The traditional comprehensive search engine next to solve is not "accelerated information flow", because a lot of information is out of reach. It also underscores the significance of Google + and Gmail's data-gathering applications for the future. Perhaps the future of the search engine, Baidu, the traditional web search engine will be degraded to "vertical web search engine." Because Web data is only a small part of the network data. Here again borrow Wang Xiaoquan words "The web is Dead".
Of course, there is also a possibility that the search engine can still be enough to get the data, paid for. The change in its position in the biosphere. After more than 10 years of searching for free data, search engines will have to pay more for the data. The FDA is just the beginning.
Three, the value of large data to search
Humans have reached the point where they cannot live without information. Data explosion, according to Darwin's theory of biological evolution, human information absorption, screening and processing capacity should also evolve. People's demand for information does not degenerate, but more thirsty. The search engine needs to solve the problem, no longer is to help people from the vast amount of information found in the results. Instead, find the only one in the mass of results. It is more important to find the correct answer quickly than to find more answers.
1. The value of structured data to search.
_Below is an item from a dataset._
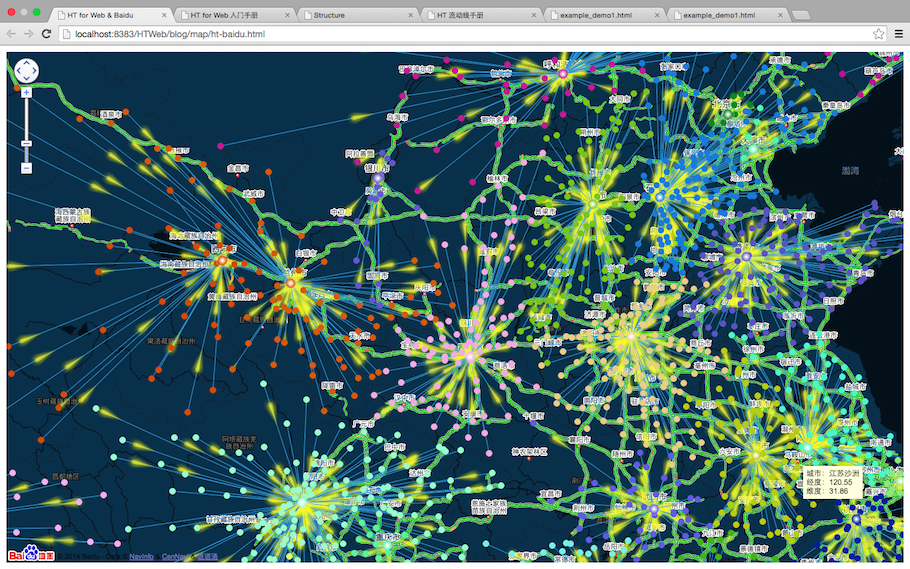 百度地图与HT for Web结合的GIS网络拓扑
Structured data and Web page data are more satisfying than the 1th: finding the only answer. Web analytics are matched by text. The analysis of structured data supports the active access of content providers, and also supports the personalized and accurate analysis of search engines. Both of these ways increase the cost of content providers or search engines, but the rewards of paying are the only answers that users can quickly get accurate.
2, large data mining is the opportunity of search engines.
It is no longer just to speed up the flow of information, but it is too simple to make the 1th mention of structured data access and presentation. What does a search engine do? Help humans do what the human brain cannot do: data mining. That is, mining value from massive data. People say that big data is a gold mine. But when it came to gold, people couldn't find a way or find tools.
After more than more than 10 years ' development, search engine has accumulated rich in text analysis, relationship discovery, Atlas Construction and user semantic understanding. These technologies are the basic technology for large data mining dependencies. We'll call it the digging engine. In combination with mining and traditional search, we can call the "recommendation engine" by mining responses to the user's active or passive search requirements.
Watercress and some of the electrical business site has already been explored in this regard. Watercress because initially will be "recommended" as one of its core functions, has some molding results. Perhaps, we put aside the UGC pattern of watercress, its search + recommended model is worthy of concern: watercress focus on cultural products, it has been quietly online "find something like", you can comment on, share and recommend any "things", any "thing". Now is a low-key experimental products, but I think this may be the future of watercress, this future is very far, because the watercress is very "slow".
To sum up: if large data is gold, vertical sites with large data, social networking sites, apps, cloud application providers, Internet owners, government organizations and businesses are both the bosses of gold mines. They can get their own nuggets from gold. Gold can also be sold to search engines or large data mining companies to dig. While the search engine pays for gold, it must transform itself from a pipeline that accelerates information flow to a gold digger.